Working with Real-World Data

from rna_secstruct import SecStruct, MotifSearchParams

# Large RNA structure
seq = (
    "GGAAGAUCGAGUAGAUCAAAGAGCCUAUGGCUGCCACCCGAGCCCUUGAACUACAGGGAACACUGGAAA"
    "CAGUACCCCCUGCAAGGGCGUUUGACGGUGGCAGCCUAAGGGCUCAAAGAAACAACAACAACAAC"
)
ss = (
    "....((((.....))))...((((((..((((((((((((((((((((.....(((((...((((....)"
    ")))...))))))))))))..)))..))))))))))...))))))...................."
)

struct = SecStruct(seq, ss)

# Find all junctions after position 50
junctions = struct.get_motifs(
    MotifSearchParams(m_type="JUNCTION", min_pos=50)
)

# Find all 5-nucleotide hairpins
hairpins_5 = struct.get_motifs(MotifSearchParams(structure="(....)"))

# Get motif statistics
print(f"Total motifs: {len(struct.motifs)}")
print(f"Helices: {len(struct.get_helices())}")
print(f"Hairpins: {len(struct.get_hairpins())}")
print(f"Junctions: {len(struct.get_junctions())}")

Error Handling

The parser handles invalid inputs gracefully with warnings:

import logging
from rna_secstruct import Parser

# Set up logging to see warnings
logging.basicConfig(level=logging.WARNING)

p = Parser()

# These will log warnings but still parse:
# - Invalid characters (replaced with 'N' or '.')
# - Length mismatches (truncated/padded)
# - Unbalanced parentheses (auto-balanced)
# - Invalid bracket types (normalized)

result = p.parse("GGGAAACCC", "(((...)))(")  # Unbalanced - will auto-fix
result = p.parse("GGGYAACCC", "(((...)))")   # Invalid 'Y' - replaced with 'N'
result = p.parse("GGGAAACCC", "((([...)))")  # Invalid bracket - normalized

Advanced: Multi-Strand Structures

from rna_secstruct import SecStruct

# Two separate RNA molecules
struct = SecStruct(
    "GGGAAACCC&UUUGGGAAA", 
    "(((...)))&(((...)))"
)

# Access strands separately
print(struct.sequence.count('&'))  # Number of strand separators

# Iterate over motifs (includes all strands)
for motif in struct:
    print(motif.sequence)  # May contain '&' for multi-strand motifs

Advanced: Pseudoknot Support

from rna_secstruct import SecStruct, STANDARD_BRACKET_TYPES

# Pseudoknot structure using different bracket types
pseudoknot = SecStruct("GGGAAACCC", "(([[))]]")
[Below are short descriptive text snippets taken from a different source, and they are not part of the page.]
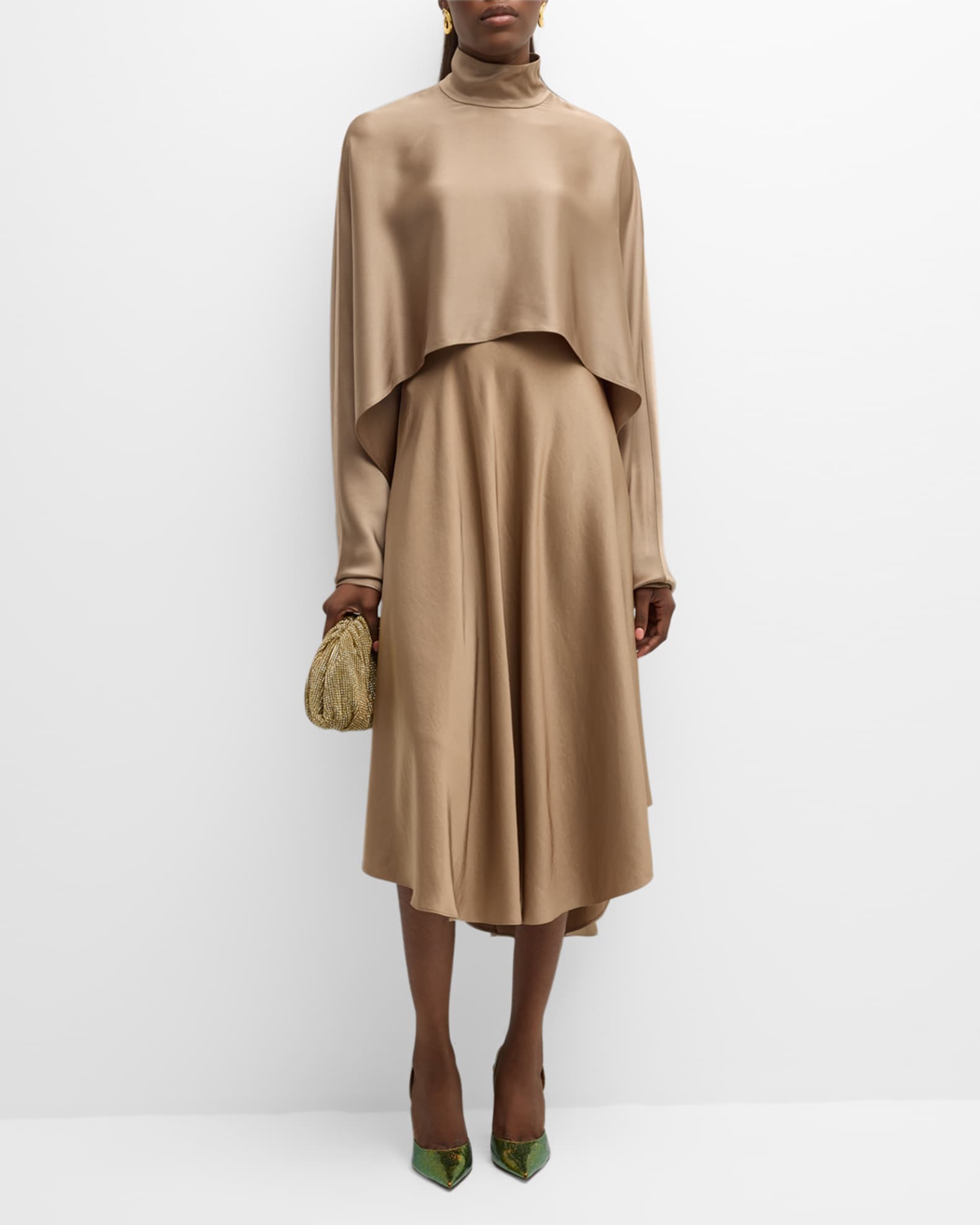 LAPOINTE Lightweight Textured Satin Midi Handkerchief Skirt | Neiman Marcus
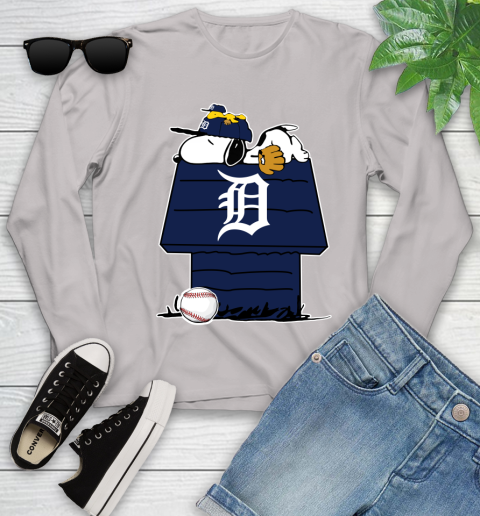MLB Detroit Tigers Snoopy Woodstock The Peanuts Movie Baseball T Shirt Youth Long Sleeve 12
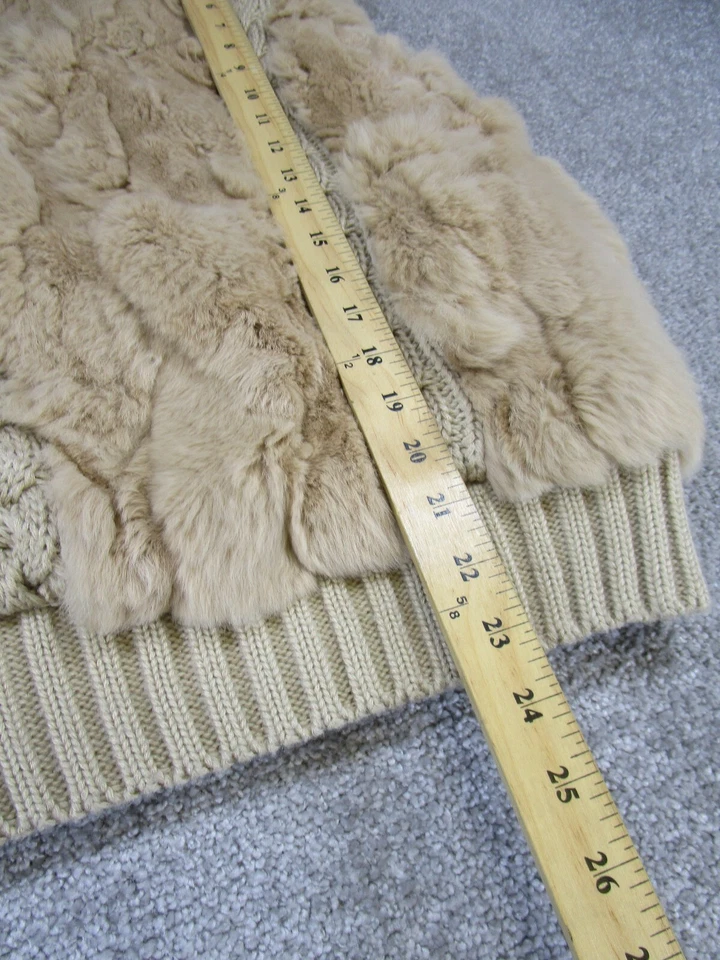 Chaleco Hiche Mujer Pequeño Beige Conejo Forrado Completo Tejido Foto 4 de 4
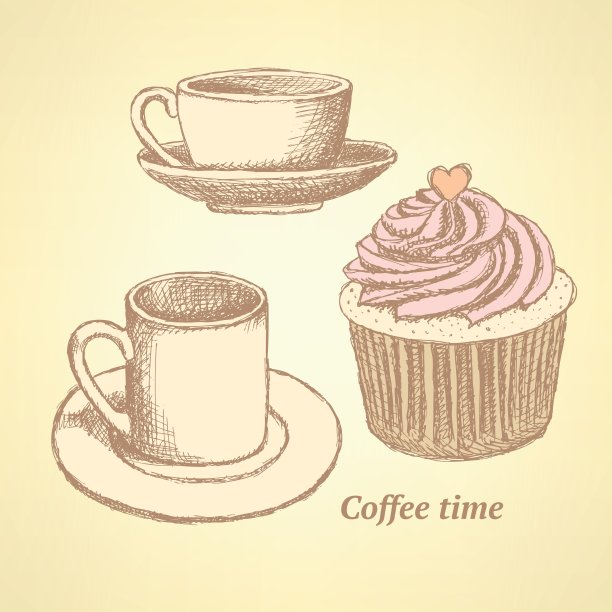 素描咖啡集在复古风格图片下载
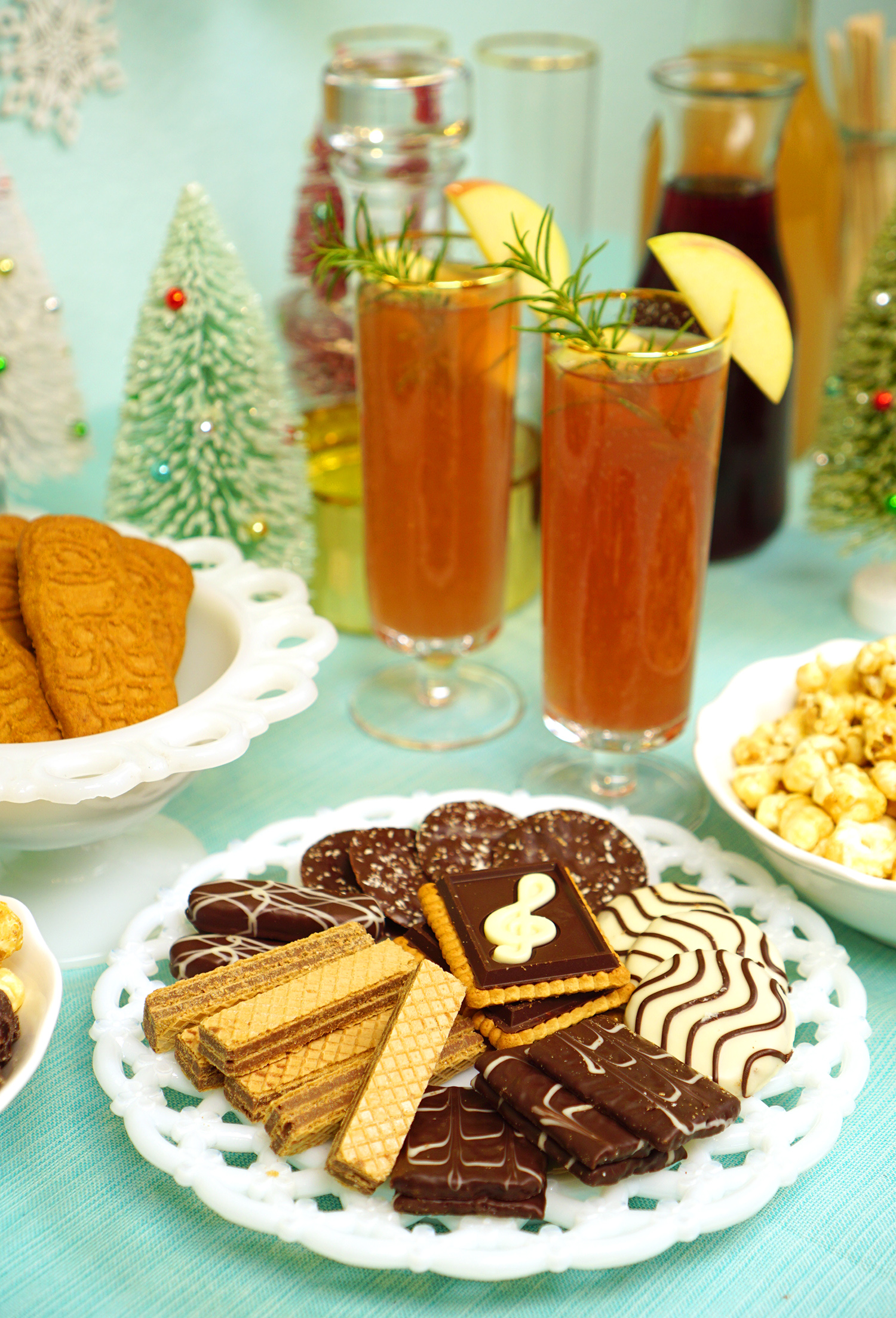 mimosas and snacks on table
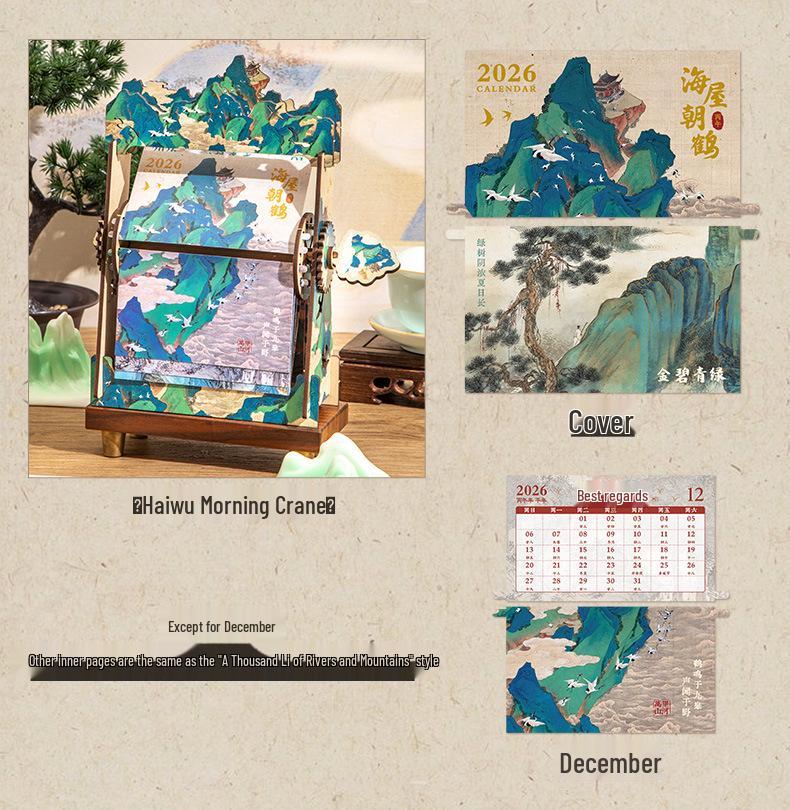 Xian Porcelain Hand-Cranked Desk Calendar: Rivers & Mountains Design, Office Ornament & Creative Gift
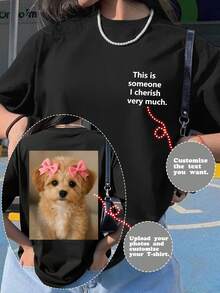 Customized Personalized Women's T-Shirt, Add Your Own Text And Photos (Slogan/Quote/Attitude/Life Motto/Family Photo/Selfie/Pet Photo/Friend Photo) And Design Your Unique Pattern - Black - View 3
# The parser preserves bracket types for pseudoknot representation
# Use connectivity module for full pseudoknot analysis
from rna_secstruct import get_connectivity_list

conn = get_connectivity_list(
    "GGGAAACCC",
    "(([[))]]",
    bracket_types=STANDARD_BRACKET_TYPES  # () [] {} <>
)

API Overview

Main Classes

  • SecStruct - Main class for RNA secondary structures
  • Motif - Represents individual structural motifs
  • MotifSearchParams - Parameters for motif searching
  • ConnectivityList - Connectivity/pairmap representation

Key Methods

SecStruct Methods

  • get_motifs(params) - Search for motifs with constraints
  • get_motifs_by_token(token) - Search by motif identifier
  • get_helices(), get_hairpins(), get_junctions() - Get specific motif types
  • change_motif(id, sequence, structure) - Modify a motif
  • get_sub_structure(id) - Extract substructure
  • get_copy() - Create a copy
  • to_str() - Format structure representation

Motif Properties

  • m_id, m_type, sequence, structure
  • strands, positions, start_pos, end_pos
  • parent, children
  • recursive_sequence(), recursive_structure()

Documentation

  • Jupyter Notebooks: See notebooks/ directory for detailed examples
    • All notebooks have been tested and work with the current version
    • Run jupyter notebook from the project root to explore examples
  • API Documentation: Check docstrings in source code
  • Examples: All examples in this README are runnable
  • Type Hints: Full type annotations throughout for better IDE support and type checking

Development

Running Tests

# Run all tests
pytest

# Run with coverage
pytest --cov=rna_secstruct --cov-report=html

# Run specific test file
pytest test/test_parser.py

Code Quality

# Format code
black rna_secstruct/ test/

# Lint and auto-fix
ruff check rna_secstruct/ test/
ruff check --fix rna_secstruct/ test/

# Type checking
mypy rna_secstruct/

# Run all checks
make check-all

Contributing

Contributions are welcome! Please feel free to submit a Pull Request.

License

This project is licensed under a Non-Commercial License. See LICENSE file for details.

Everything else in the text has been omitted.